Bug #13302: /var/lib/libvirt/images sometimes gets filled on isobuilders, take 2

Resolved

100

History

#1 Updated by anonym 2017-05-10 17:43:37

tl;dr: we run out of disk space, seemingly at the very late stage where we are generating the final .box file (which is < 300 MiB), so only a little space is missing. But some margin would be appreciated!

Also, note that this error is ignored, and the build process proceeds with trying to import this corrupt .box, since create_box.sh doesn’t check error statuses or set -e. While we’re at it we could force set -e ourselves with:

--- a/vagrant/definitions/tails-builder/generate-tails-builder-box.sh
+++ b/vagrant/definitions/tails-builder/generate-tails-builder-box.sh
@@ -72,7 +72,7 @@ sudo ${http_proxy:+http_proxy="$http_proxy"} \
      --customize "$(pwd)/customize.sh" \
      --verbose

-/usr/share/doc/vagrant-libvirt/examples/create_box.sh \
+bash -e /usr/share/doc/vagrant-libvirt/examples/create_box.sh \
     "${TARGET_IMG}" "${TARGET_BOX}"

 rm -rf "${TARGET_IMG}"* "${DEBOOTSTRAP_GNUPG_HOMEDIR}"

(If you are wondering: yes, it is a bash script, using at least one bashism.)
Makes sense?

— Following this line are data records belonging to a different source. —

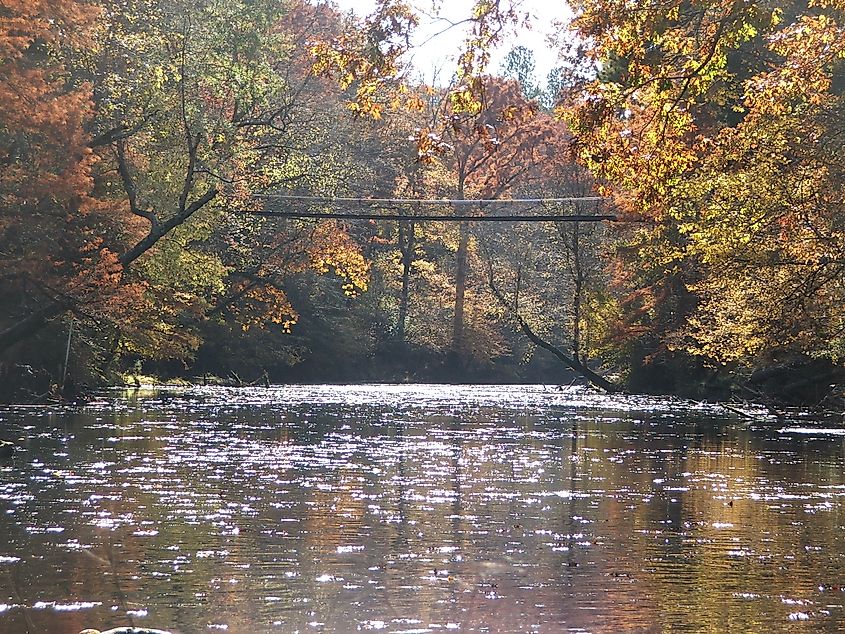 Swinging Bridge over Bear Creek in Tishomingo State Park.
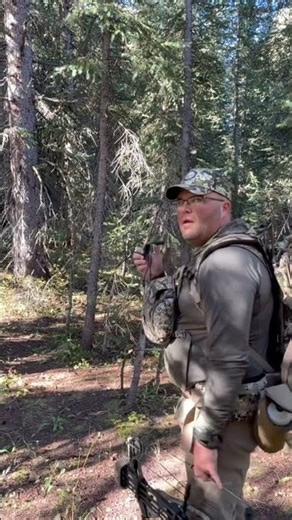 Rate our Cow calling! #elk #elkhunting #deeraddiction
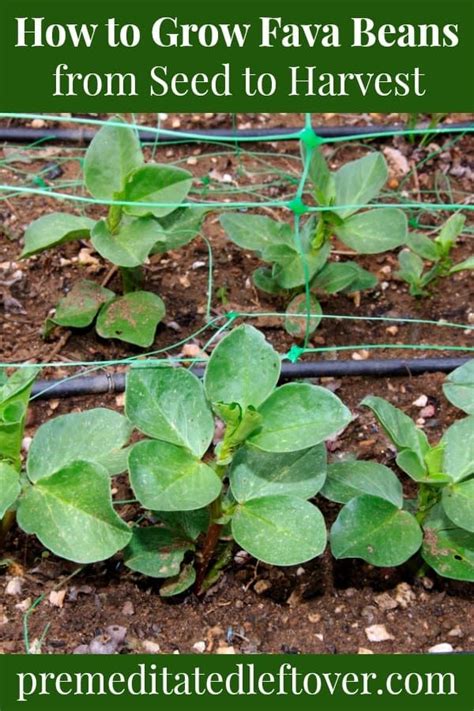 guide    grow fava beans includes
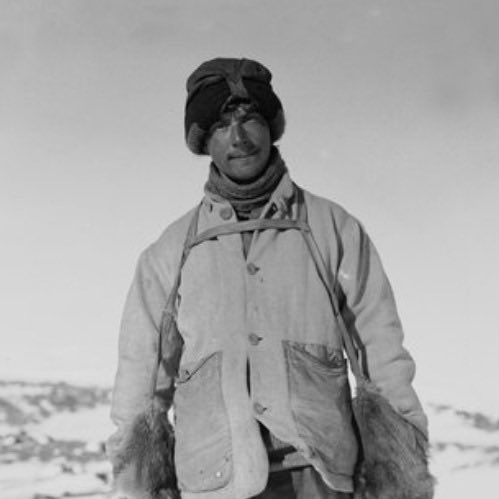 mathias🦷 tweet media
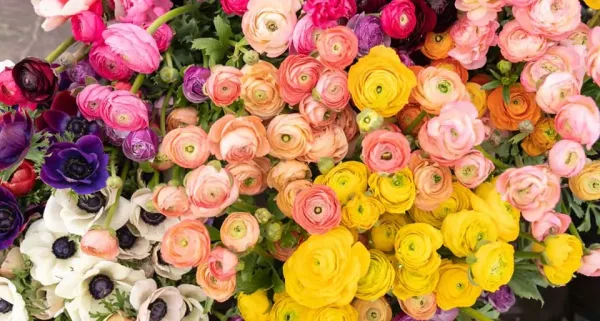 Greeenfield Flower Shop
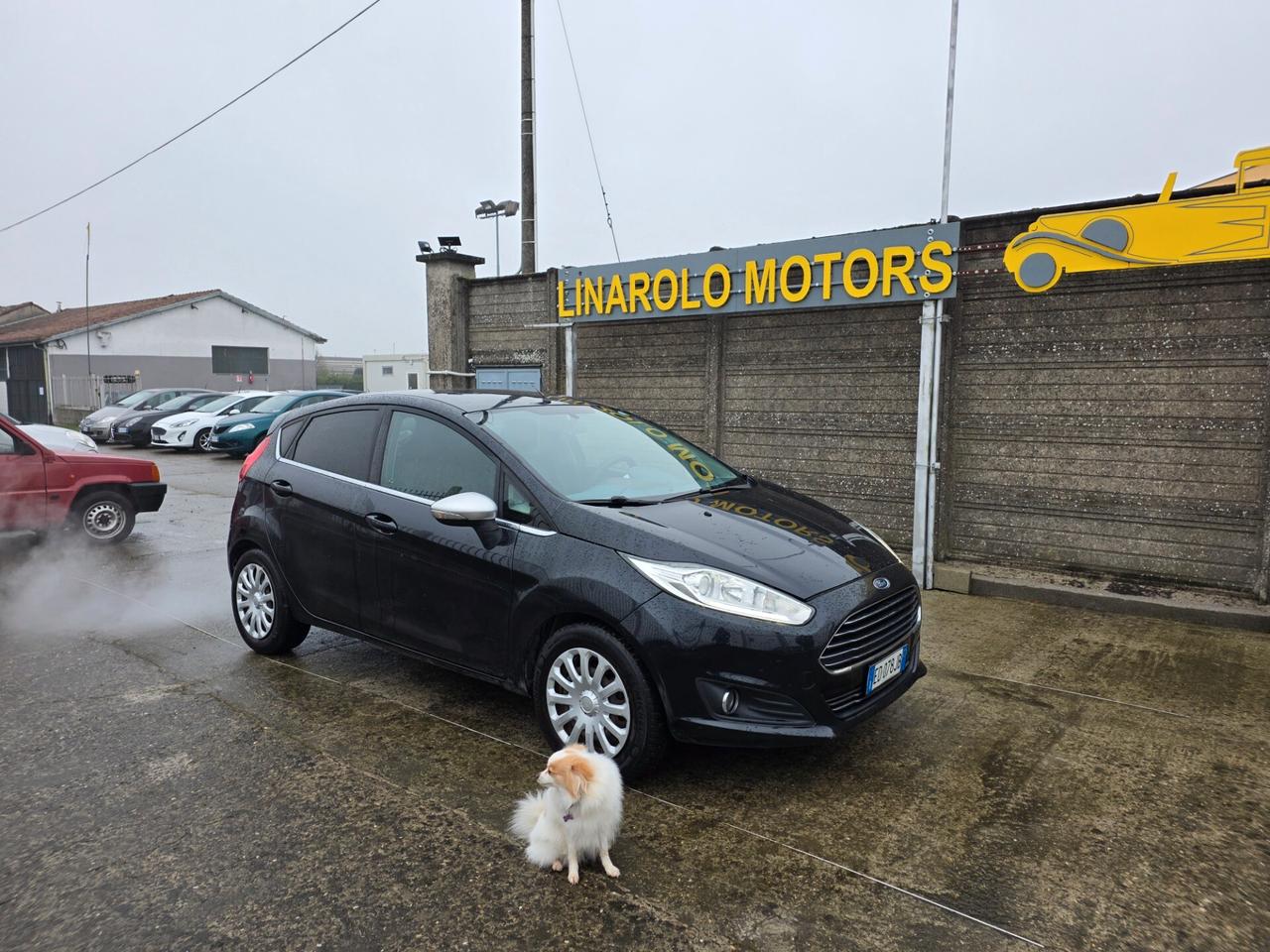 Ford Fiesta 1.4 TDCi 5p. Titanium JNEOPATENTATA
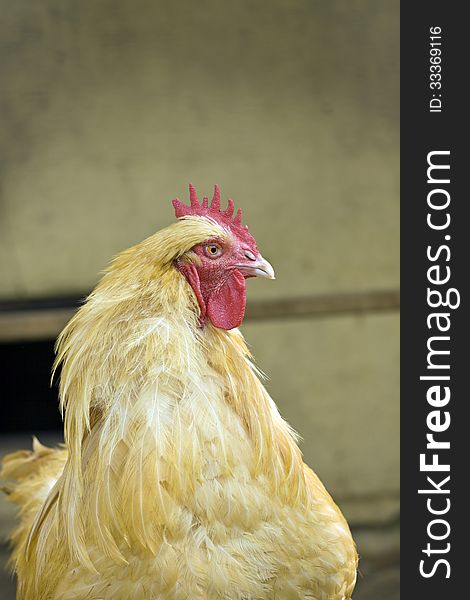 Yellow farm chicken in cage, closeup. Yellow farm chicken in cage, closeup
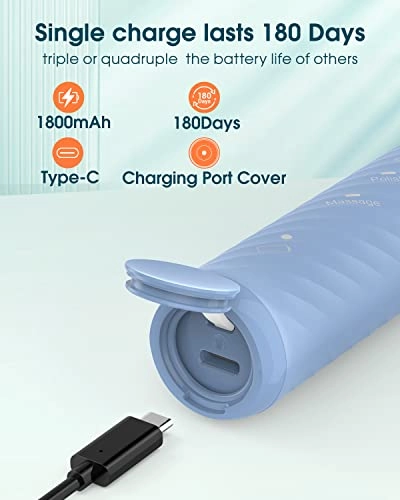 Y01 - 6 Brush Heads Type C 180 Days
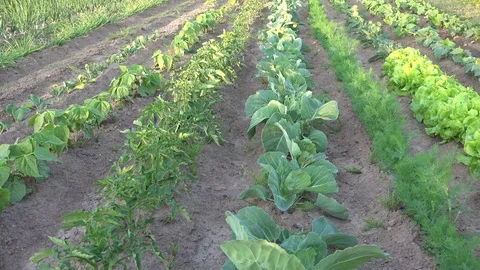 Kitchen or Vegetable Garden 動画素材 98261666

I admit that I didn’t test it, and perhaps that script has error statuses returned elsewhere, so set -e won’t work.

#2 Updated by bertagaz 2017-05-11 09:21:25

Status changed from Confirmed to In Progress
% Done changed from 0 to 10
Feature Branch set to bugfix/12531-make-create-box-more-robust

anonym wrote:
> tl;dr: we run out of disk space, seemingly at the very late stage where we are generating the final .box file (which is < 300 MiB), so only a little space is missing. But some margin would be appreciated!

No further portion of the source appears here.